Fact: Thomas Keller got his start as a dishwasher at the Palm Beach Yacht Club—before the French Laundry and Per Se mega fame. Before becoming one of the world’s most distinguished chefs, he was scrubbing pots on Flagler Drive. It is this humble beginning that Keller has cited as one of the keys to his success. Now he is back home, lured by perhaps the most glamorous venue in the state. “I’d never planned to return to Florida but when the opportunity arose at The Surf Club, everything about it felt right,” he says. “My first visit to the property with Nadim Ashi was like a trip in a time capsule. It took me back to that bygone era. It’s such a vivid, evocative period, and The Surf Club captures it. I knew it was a project I wanted to be a part of.”
Welcome home. How has the culinary scene in Florida changed since you left? THOMAS KELELR: On the one hand, the dining scene feels very much of the moment. It’s eclectic and creative. On the other, there’s a wonderful respect for culinary tradition. Which gets back to what drew me to The Surf Club: the way it tips its toque to the past.
Did you seek to echo that bygone-era appeal in the menu offerings? TK: Absolutely. The location is steeped in history, and we’ll be honoring that in the menu, the service and the decor, without feeling musty or outdated. We’ll be doing Continental cuisine with modern interpretations, iconic dishes like lobster thermidor, Avocado Louis and Caesar salad prepared tableside. The idea is to give guests an experience that evokes the easy-going elegance of the ’50s and ’60s. From the moment they arrive, we want people to feel that good times and grand parties are alive and well.
Can a dish be described as glamorous? What is the most glamorous dish on your menu? TK: A dish can be described however you’d like. That’s certainly how I think of our beef short rib Wellington. It’s for two people, meant for sharing, and it’s prepared tableside with flourish and finesse. The dish itself is delicious. We braise the short ribs for 48 hours, then envelop the short rib in a mousse of black trumpet mushrooms and spinach. It is then wrapped in a thin layer of brioche and baked until golden brown and beautiful. So there’s that. But you also have what I think of as a transportive and theatrical experience when the gueridon is wheeled over to your table and the captain slices your portion, finishing it with a classic Périgourdine sauce. It doesn’t get much more glamorous than that. I’m hungry.

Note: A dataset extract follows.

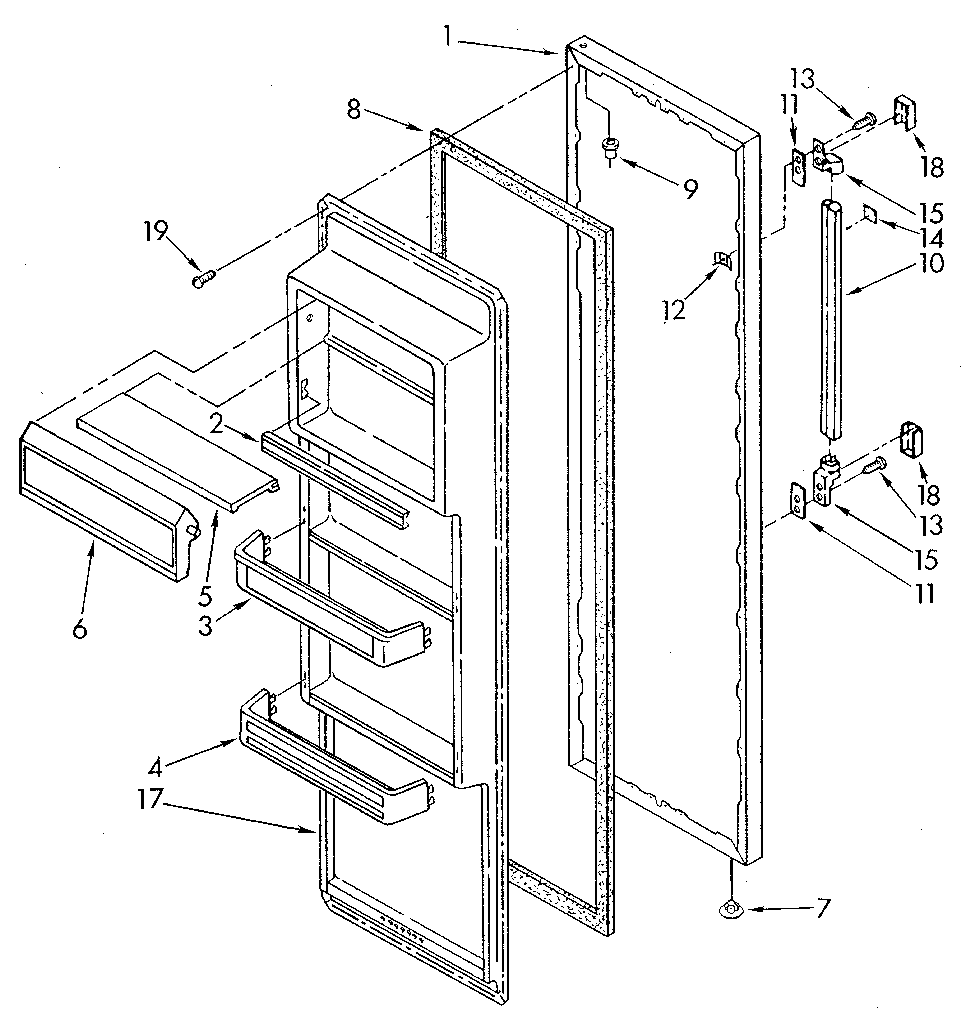 Kenmore 1069510410 refrigerator door diagram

Most luxurious ingredient in your kitchen? TK: Our line of caviar, which is directly sourced by my partner, Shaoching Bishop. It’s called Regiis Ova, which means 'royal egg' in Latin. When you taste it, you’ll see why. It’s sublime.
“The lemon tart is plenty elegant,” says Keller. “It’s set on a bed of raspberries and topped with a tower of meringue.”

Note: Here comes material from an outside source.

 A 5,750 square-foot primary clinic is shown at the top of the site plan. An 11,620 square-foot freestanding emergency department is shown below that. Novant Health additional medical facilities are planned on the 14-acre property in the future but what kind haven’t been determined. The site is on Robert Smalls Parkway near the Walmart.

Thoughts on iPhones at the dinner table? TK: I know a lot of people who frown on cellphones at the table, and I understand the feeling that they can be disruptive. But when they’re used with discretion, they’re can serve the wonderful purpose of preserving memories. We take it as a compliment that guests want to capture their dining experience with photos.
Everyone from Sinatra to Churchill dined at the original Surf Club restaurant. Who would you love to host? TK: What’s been especially meaningful to our team is hosting guests who dined at the original Surf Club or have memories of the restaurant as it was. This is a new era, of course, but so much of it is inspired by a deep connection to the past.
As a baseball fan, what are your thoughts on our November cover star and baseball legend Derek Jeter bringing his talents to Miami? TK: It’s great for the city. He’s one of the greatest baseball players to ever play the game. I played a lot of baseball as a kid and I’m still a big fan. I’m looking forward to taking in a Marlins game. I’ll be sure to leave my Giants cap at home.